At the event, Fritz discussed the terror he and his co-defendant Ron Williamson experienced during 11 years of incarceration and his life mission to bring about a greater awareness of false convictions. Taylor shared the story of her son’s arrest and trial, and the events of Feb. 1, 2006, the day her son was to be executed before receiving a stay of execution. Klassen-Landis describes the fear she lived in and reminded the audience that no matter what they did, those on death row are still human beings, not monsters.

Taylor, who works with Missourians to Abolish the Death Penalty, believes that the event achieved its purpose.

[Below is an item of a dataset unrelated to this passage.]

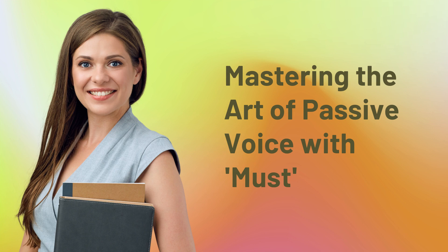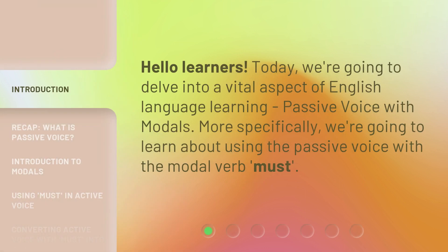Mastering the Art of Passive Voice with Must. Hello learners! Today, we're going to delve into a vital aspect of English language learning: passive voice with modals. More specifically, we're going to learn about using the passive voice with the modal verb, must.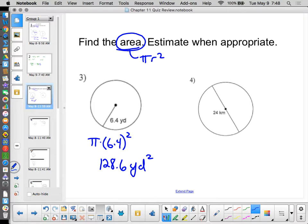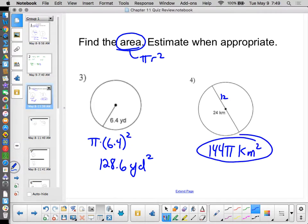For number 4, we need the radius for the area formula. We're given the diameter, so divide by 2 — the radius is 12. Then 12 squared is 144, giving us 144π square kilometers. Because we have a nice whole number, there's no need to approximate. It's faster without a calculator. Remember: it's the units that are squared, not the pi and not the coefficient — it's the units: square kilometers.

“I hope it will give them an opportunity…to educate themselves concerning the Death Penalty,” Taylor said.
Kayla Kelder, a psychology-spanish major at Western, is the president of the Newman Club. Kelder argues that the event is not designed to abolish the Death Penalty nor talk down to those in favor of the Death Penalty, but rather to rationalize the worth of human life.
“How can we say that killing someone who’s killed someone shows that the killing is wrong?” Kelder said. “We should lead by example and that’s not doing it.”
Rachel Hansen, secretary of the Newman Club, was in attendance. Hansen feels the event has a very deep purpose.
“If we try to understand each other first, we’ll have a much better grasp on what another person believes,” Hansen said.
Regardless of whether or not the Death Penalty is abolished as a result of this speaking tour and the ones to follow, Kelder hopes that the Road Trip for Justice will succeed in showing people how the Death Penalty affects everyone.
“We’re all interconnected in this great big thing called human life,” Kelder said. “Life is worth so much. We all effect each other in one way or another.”